::: Record excerpts :::

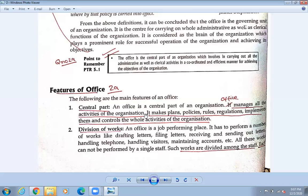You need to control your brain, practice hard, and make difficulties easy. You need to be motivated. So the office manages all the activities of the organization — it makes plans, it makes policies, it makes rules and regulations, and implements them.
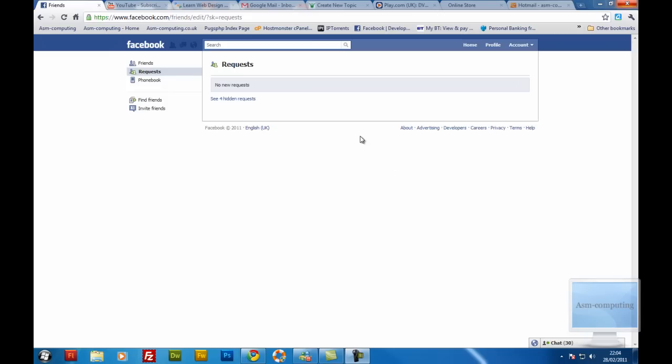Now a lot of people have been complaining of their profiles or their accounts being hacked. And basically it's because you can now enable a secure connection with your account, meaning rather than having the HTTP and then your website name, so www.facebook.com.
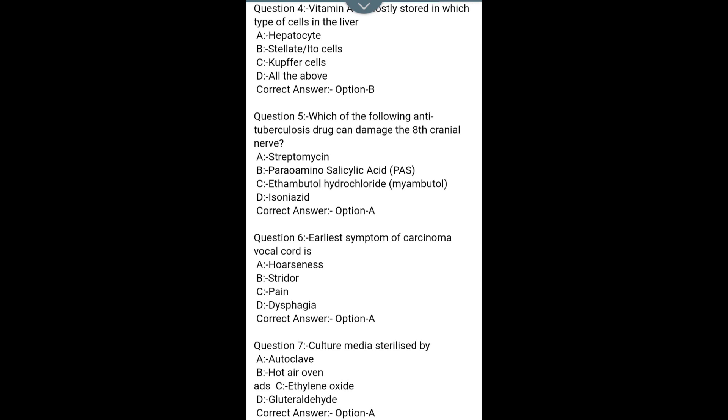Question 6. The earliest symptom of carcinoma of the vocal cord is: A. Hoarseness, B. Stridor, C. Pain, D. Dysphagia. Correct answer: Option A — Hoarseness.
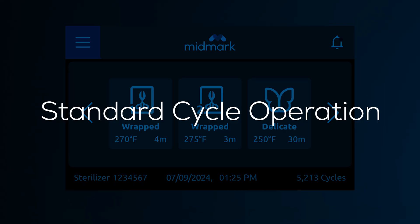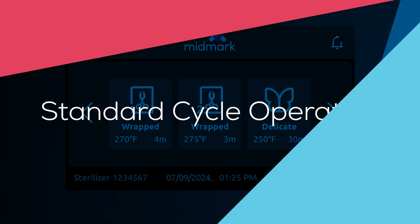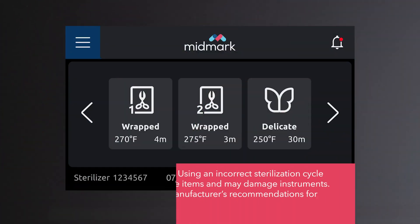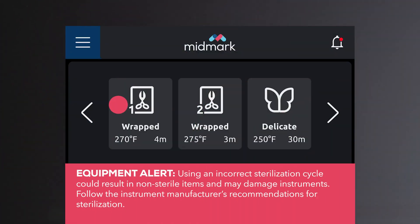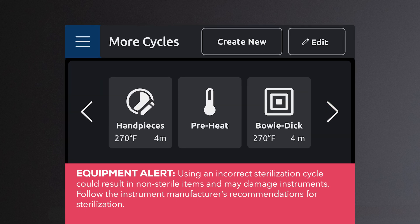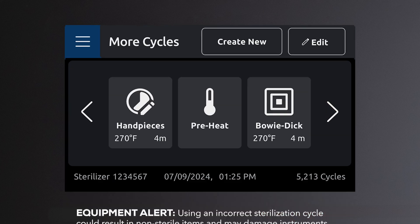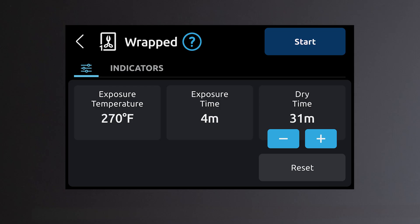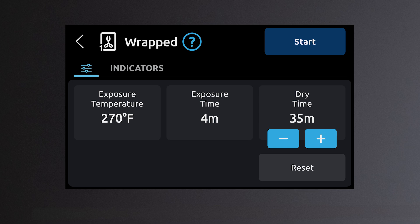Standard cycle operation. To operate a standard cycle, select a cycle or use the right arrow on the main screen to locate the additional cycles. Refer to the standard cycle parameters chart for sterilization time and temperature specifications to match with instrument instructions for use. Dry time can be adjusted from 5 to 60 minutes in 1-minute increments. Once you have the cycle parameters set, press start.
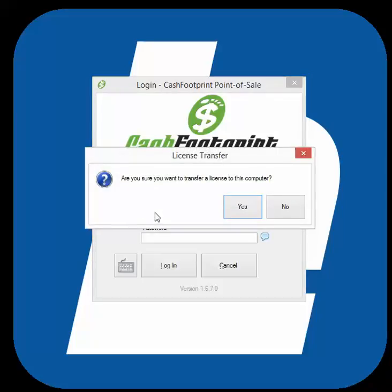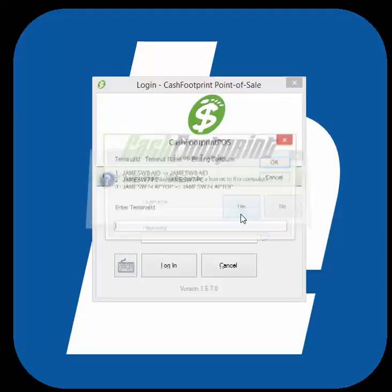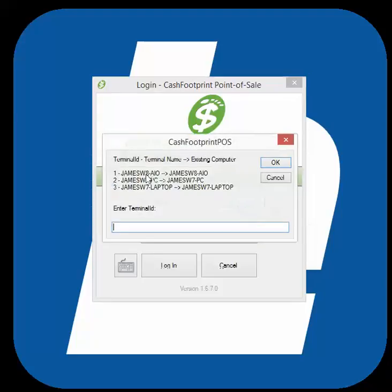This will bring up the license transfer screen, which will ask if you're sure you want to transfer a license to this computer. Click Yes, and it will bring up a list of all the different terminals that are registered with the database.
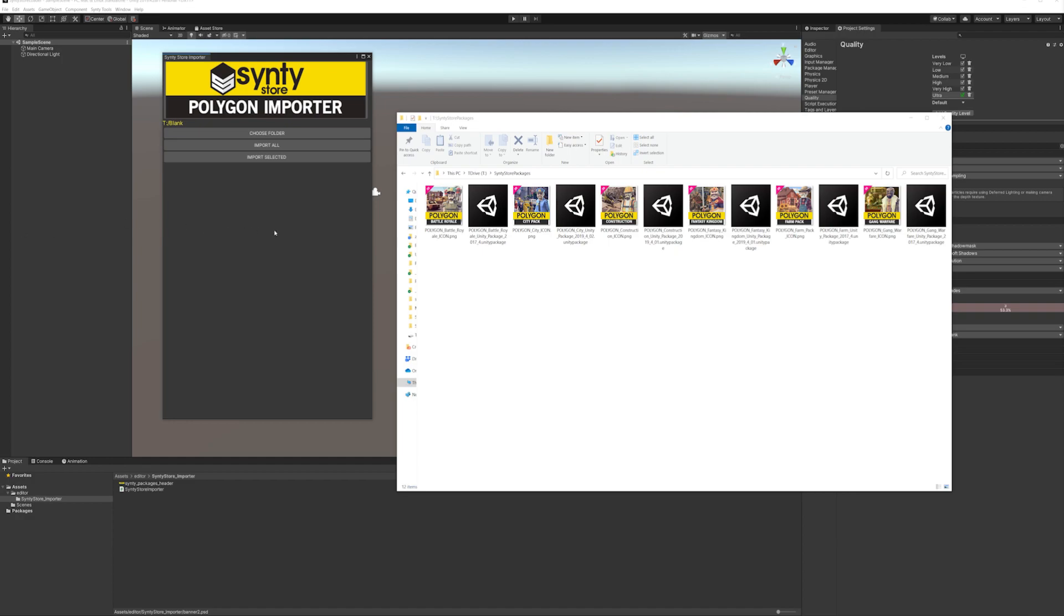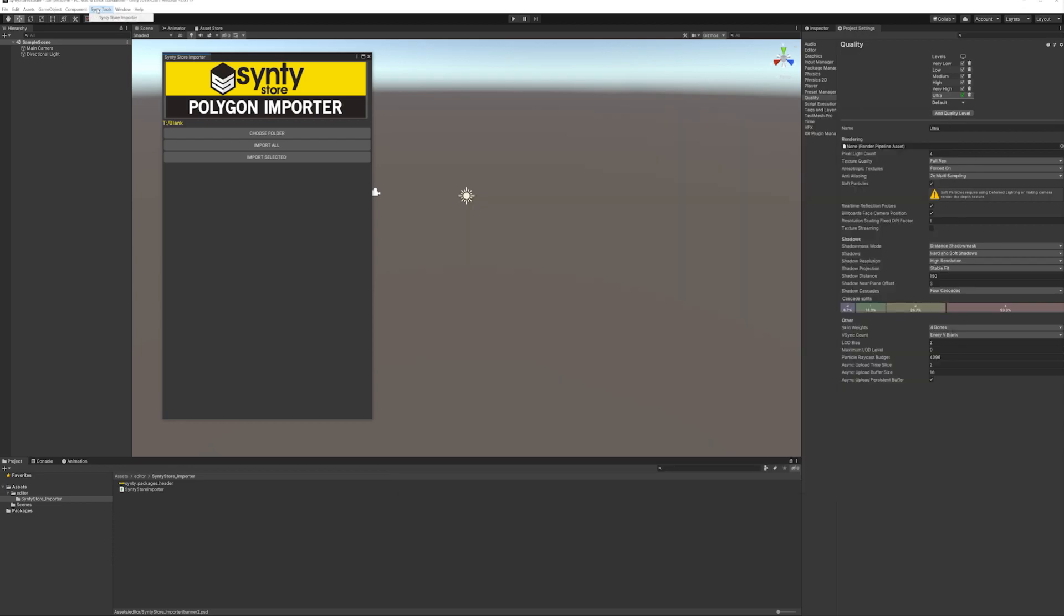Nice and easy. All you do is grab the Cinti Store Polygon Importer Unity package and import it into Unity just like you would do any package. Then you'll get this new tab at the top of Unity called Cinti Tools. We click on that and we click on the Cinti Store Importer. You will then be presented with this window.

:::

Retype the lines from the one containing "Now a lot of" down to the last line of the records, both included, exactly and nothing more. Pictures stay out.

Now a lot of people have been complaining of their profiles or their accounts being hacked. And basically it's because you can now enable a secure connection with your account, meaning rather than having the HTTP and then your website name, so www.facebook.com.
Question 6. The earliest symptom of carcinoma of the vocal cord is: A. Hoarseness, B. Stridor, C. Pain, D. Dysphagia. Correct answer: Option A — Hoarseness.
Standard cycle operation. To operate a standard cycle, select a cycle or use the right arrow on the main screen to locate the additional cycles. Refer to the standard cycle parameters chart for sterilization time and temperature specifications to match with instrument instructions for use. Dry time can be adjusted from 5 to 60 minutes in 1-minute increments. Once you have the cycle parameters set, press start.
This will bring up the license transfer screen, which will ask if you're sure you want to transfer a license to this computer. Click Yes, and it will bring up a list of all the different terminals that are registered with the database.
Nice and easy. All you do is grab the Cinti Store Polygon Importer Unity package and import it into Unity just like you would do any package. Then you'll get this new tab at the top of Unity called Cinti Tools. We click on that and we click on the Cinti Store Importer. You will then be presented with this window.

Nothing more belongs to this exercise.